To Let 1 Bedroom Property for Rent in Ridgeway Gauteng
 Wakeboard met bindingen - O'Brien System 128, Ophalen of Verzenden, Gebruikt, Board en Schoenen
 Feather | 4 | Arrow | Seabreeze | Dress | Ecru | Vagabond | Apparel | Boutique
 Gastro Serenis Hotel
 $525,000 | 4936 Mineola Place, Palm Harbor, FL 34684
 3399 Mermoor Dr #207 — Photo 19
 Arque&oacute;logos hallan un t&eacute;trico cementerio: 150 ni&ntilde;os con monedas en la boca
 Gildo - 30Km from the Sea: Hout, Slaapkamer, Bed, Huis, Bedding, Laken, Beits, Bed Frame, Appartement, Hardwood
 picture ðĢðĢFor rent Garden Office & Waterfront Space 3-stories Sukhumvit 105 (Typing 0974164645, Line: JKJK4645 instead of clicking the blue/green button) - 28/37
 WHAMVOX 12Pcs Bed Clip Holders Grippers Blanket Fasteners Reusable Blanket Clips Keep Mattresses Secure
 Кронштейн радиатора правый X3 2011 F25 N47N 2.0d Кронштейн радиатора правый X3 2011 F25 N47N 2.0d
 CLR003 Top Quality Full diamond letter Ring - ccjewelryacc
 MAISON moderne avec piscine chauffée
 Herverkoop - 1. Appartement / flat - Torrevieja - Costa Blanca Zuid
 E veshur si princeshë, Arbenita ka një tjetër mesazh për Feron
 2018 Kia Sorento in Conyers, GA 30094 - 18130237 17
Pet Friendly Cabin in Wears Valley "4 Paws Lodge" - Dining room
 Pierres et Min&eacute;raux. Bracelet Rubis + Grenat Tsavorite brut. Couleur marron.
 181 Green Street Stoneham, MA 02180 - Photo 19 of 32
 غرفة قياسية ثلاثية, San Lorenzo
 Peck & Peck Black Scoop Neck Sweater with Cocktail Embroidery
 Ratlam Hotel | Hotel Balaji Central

◆ ◆ ◆ ◆ ◆ ◆ ◆

The problem:
Write out every record shown above, word for word.

Problem solution:
To Let 1 Bedroom Property for Rent in Ridgeway Gauteng
 Wakeboard met bindingen - O'Brien System 128, Ophalen of Verzenden, Gebruikt, Board en Schoenen
 Feather | 4 | Arrow | Seabreeze | Dress | Ecru | Vagabond | Apparel | Boutique
 Gastro Serenis Hotel
 $525,000 | 4936 Mineola Place, Palm Harbor, FL 34684
 3399 Mermoor Dr #207 — Photo 19
 Arque&oacute;logos hallan un t&eacute;trico cementerio: 150 ni&ntilde;os con monedas en la boca
 Gildo - 30Km from the Sea: Hout, Slaapkamer, Bed, Huis, Bedding, Laken, Beits, Bed Frame, Appartement, Hardwood
 picture ðĢðĢFor rent Garden Office & Waterfront Space 3-stories Sukhumvit 105 (Typing 0974164645, Line: JKJK4645 instead of clicking the blue/green button) - 28/37
 WHAMVOX 12Pcs Bed Clip Holders Grippers Blanket Fasteners Reusable Blanket Clips Keep Mattresses Secure
 Кронштейн радиатора правый X3 2011 F25 N47N 2.0d Кронштейн радиатора правый X3 2011 F25 N47N 2.0d
 CLR003 Top Quality Full diamond letter Ring - ccjewelryacc
 MAISON moderne avec piscine chauffée
 Herverkoop - 1. Appartement / flat - Torrevieja - Costa Blanca Zuid
 E veshur si princeshë, Arbenita ka një tjetër mesazh për Feron
 2018 Kia Sorento in Conyers, GA 30094 - 18130237 17
Pet Friendly Cabin in Wears Valley "4 Paws Lodge" - Dining room
 Pierres et Min&eacute;raux. Bracelet Rubis + Grenat Tsavorite brut. Couleur marron.
 181 Green Street Stoneham, MA 02180 - Photo 19 of 32
 غرفة قياسية ثلاثية, San Lorenzo
 Peck & Peck Black Scoop Neck Sweater with Cocktail Embroidery
 Ratlam Hotel | Hotel Balaji Central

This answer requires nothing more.